As first dates go, this one seemed to hold some promise.
Seth Moulton, the upstart Democrat congressional candidate who defeated incumbent John Tierney in the Democratic primary, traveled to Gloucester on Wednesday night to meet with about 15 fishermen and fishing advocates at the offices of the Northeast Seafood Coalition.
In a wry turn of events so deep into a campaign, Moulton didn't seem to arrive with the overt motive of courting votes. Instead, the first-time candidate seemed to be courting information, seeking the perspective of the fishermen and advocates on the complex science and policy issues involved in the management of the Northeast multi-species groundfish fishery.
Moulton didn't show up with a five-point plan to save the fishery or a bag full of promises.

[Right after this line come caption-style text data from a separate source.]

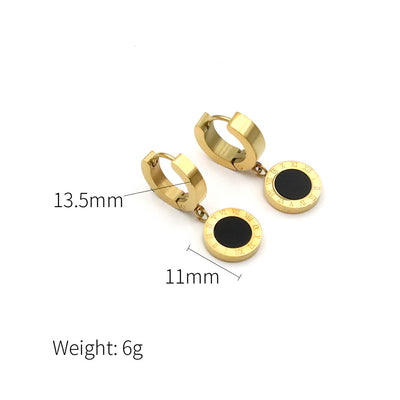 1 Pair Elegant Round Stainless Steel Drop Earrings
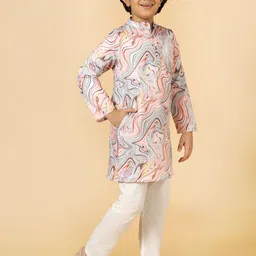 A.T.U.N. Boys Printed Regular Kurta with Pyjamas image 3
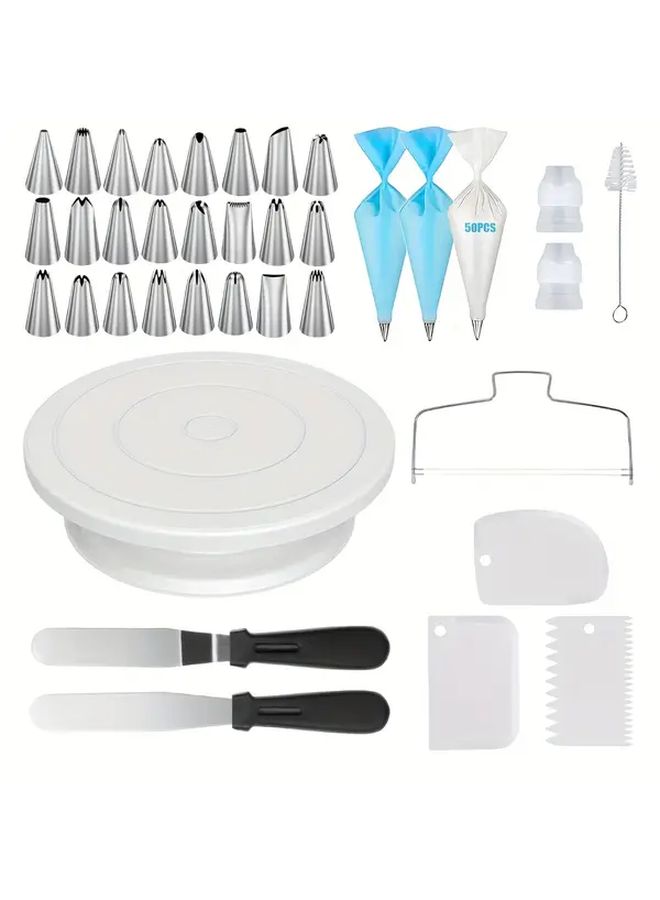 11 Inch Rotating Cake Turntable 86pcs Baking Tools Set White - Image 1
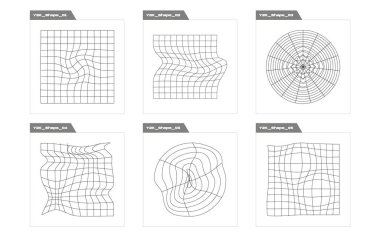 Vahşilik şekilleri. Tasarım için büyük bir retro nesne seti. Notlar için şablonlar, posterler. Projeler, posterler, afişler. Vektör illüstrasyonu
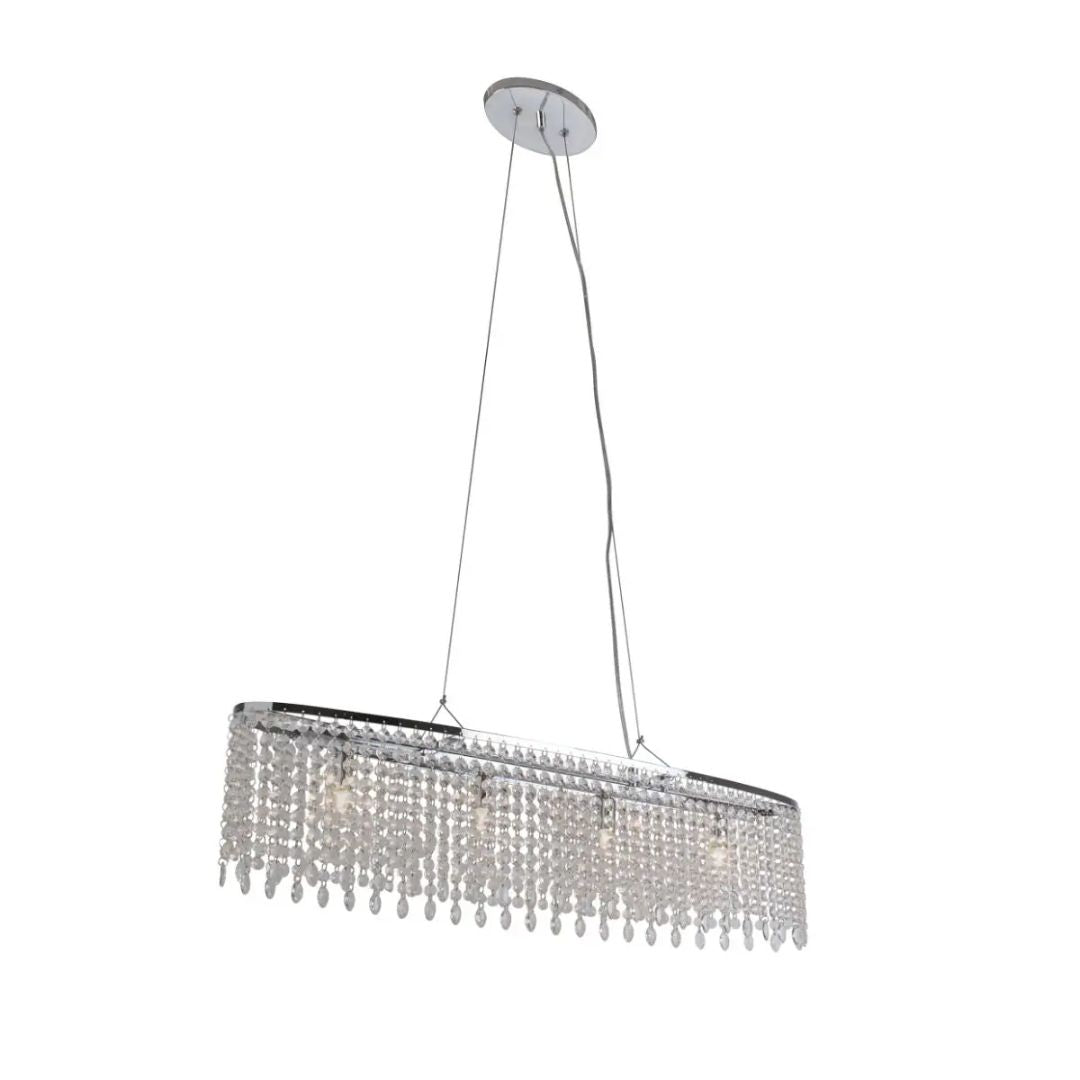 Pagazzi Amity 4 Light Polished Chrome Crystal Ceiling Pendant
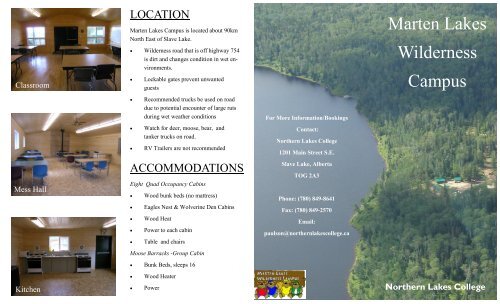 Marten Lakes Wilderness Campus Northern Lakes College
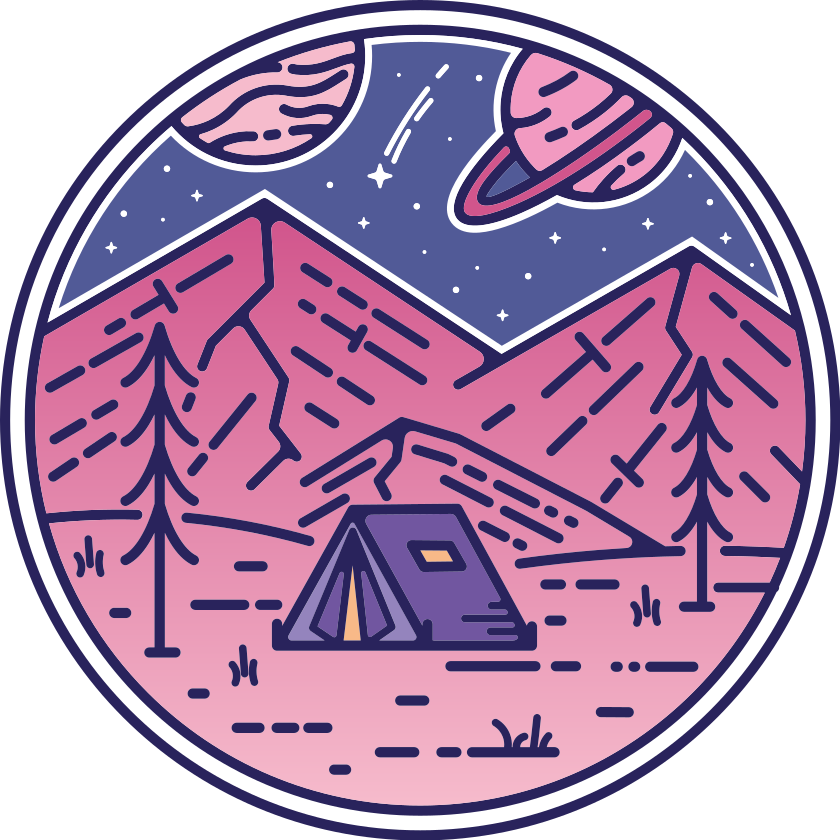 Nature vinyl rug in pink mountains - TenStickers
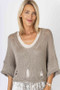 Front of the Oversized Cropped Knit Sweater style 72794 from Look Mode in the color cinnamon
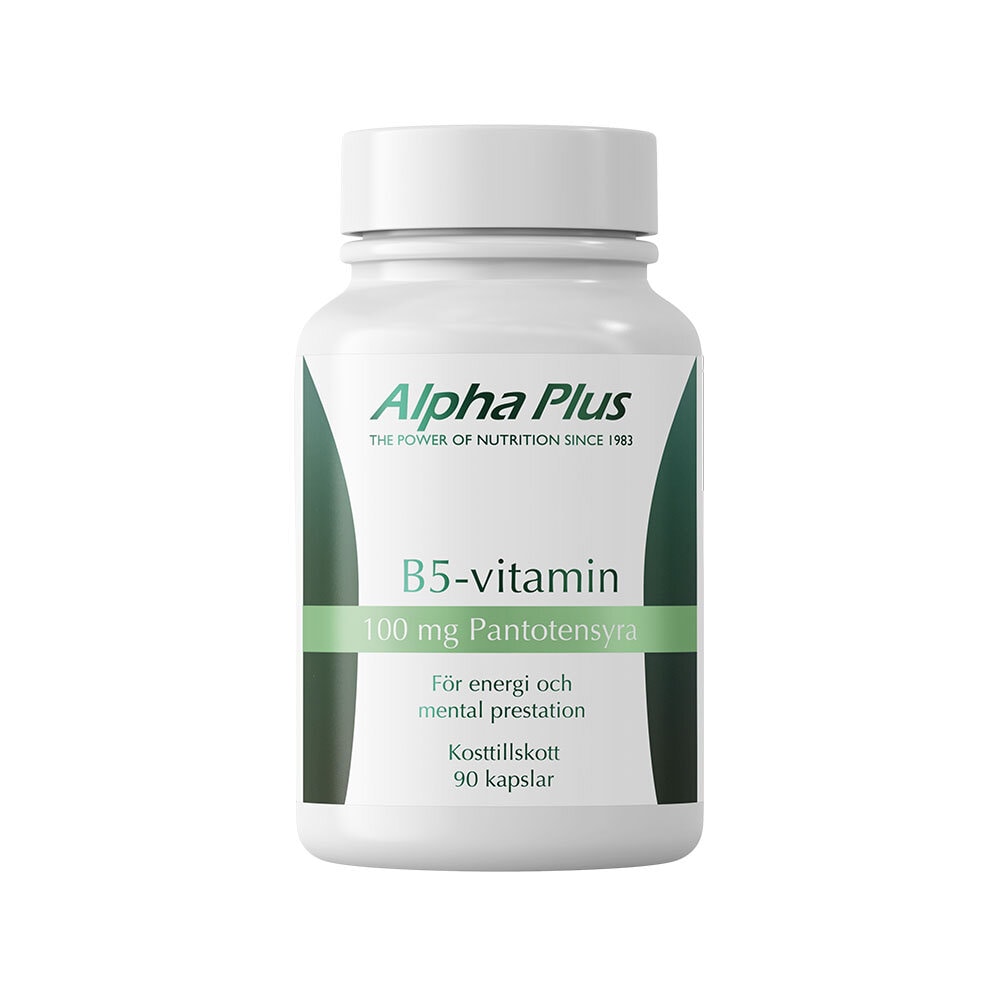 B5-vitamin 90 kapslar från Alpha Plus – kapslar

The only promises he made were to listen to what the fishermen have to say and -- if elected over Republican opponent Richard Tisei -- be a hands-on advocate with a congressional staff that would include one position dedicated to fishing issues.
"I don't walk in a room proclaiming I'm an expert," Moulton told those assembled around the long table in the coalition's conference room. "My background, education-wise from my undergraduate years, is in science. I'll take the time to understand the science so I can be your best advocate. But my purpose here tonight is really to listen."
Later, after the meeting ended, Moulton was asked what he heard.
"I heard an awful lot of concern, a lot of passion in the room and a lot of very legitimate concern about what's gone on in the fishery," Moulton said.
He said he was impressed with the fishermen's "thoughtful analysis" and depth of understanding of the complex issues that define fishery management.
"This isn't (just) a group of people who are upset at what happened," Moulton said. "This is a group of people who really want to be part of a solution and making sure we have a sustainable fishery here."
The meeting, he said, further ingrained in him a belief in the need for extensive regulatory reform and expanded dialogue between regulators and fishermen.
"It surprises me that the regulators don't spend more time learning from the fishermen," he said. "But I'm going to learn from the fishermen."
The meeting. initiated by the Moulton campaign, held the potential for some awkwardness.
Moulton rankled some local fishermen and advocates during the primary when he used the word "handout" when discussing the federal disaster relief to groundfishermen and raised some eyebrows when he said he would have voted for the aid package only because it was "the only thing on the table."
Then there was the dispatching of Tierney in the primary, which removed one of the groundfishermen's most ardent supporters.
Tierney has carried a lot of water for the fishermen in his 18 years on Capitol Hill, on issues ranging from the reauthorization of the Magnuson-Stevens Act to the ongoing distribution of the approximately $14.5 million Massachusetts received from the $75 million Congress appropriated in January. Tierney played a pivotal role in securing those funds.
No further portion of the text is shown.